Over the years I have recommended one book for Vic to read for every major discussion/debate we've had. That probably represents 40-50 books. To date I have never seen any evidence Vic has read a single one of them. (He can correct me but it's clear he hasn't read but a few of them, if that).

I've recommended Thom Stark's book, The Human Faces of God: What Scripture Reveals When It Gets God Wrong (and Why Inerrancy Tries to Hide It).

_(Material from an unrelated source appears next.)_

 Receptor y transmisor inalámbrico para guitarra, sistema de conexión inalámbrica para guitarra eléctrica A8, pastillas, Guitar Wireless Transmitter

And recently I've recommended both of these books, one by Matt McCormick, Atheism and the Case Against Christ, and one by Howard Bloom, The God Problem: How A Godless Cosmos Creates

In Vic's defense he would probably say he has a specialty and reads only in that specialty. Okay, but to blog daily without reading even one book I recommend and yet to continue interacting with me is ignorance, his ignorance. How often can this be his excuse where he says: "I suspect that there is relevant literature on both sides of the issue." Sure, there is "relevant" literature on both sides of the evolution debate, but it comes from ignorant evangelicals. Does this mean that since there are ignorant people out there writing books it absolves him of his epistemic duty to investigate some important issues for his faith outside of his specialty? I don't see how it can.

Nonetheless, when it comes to the concept of Satan, as far as I know, there isn't one book on the Devil written by an evangelical scholar who takes seriously the Biblical data in the context of the surrounding ancient cultures at the time. Not one. Not one.

NOT ONE!

Satan is a man-created mythical being, pure and simple.

[Warning: Do not suggest an evangelical book on Satan if you have not read it and if it does not meet the qualifications I specified].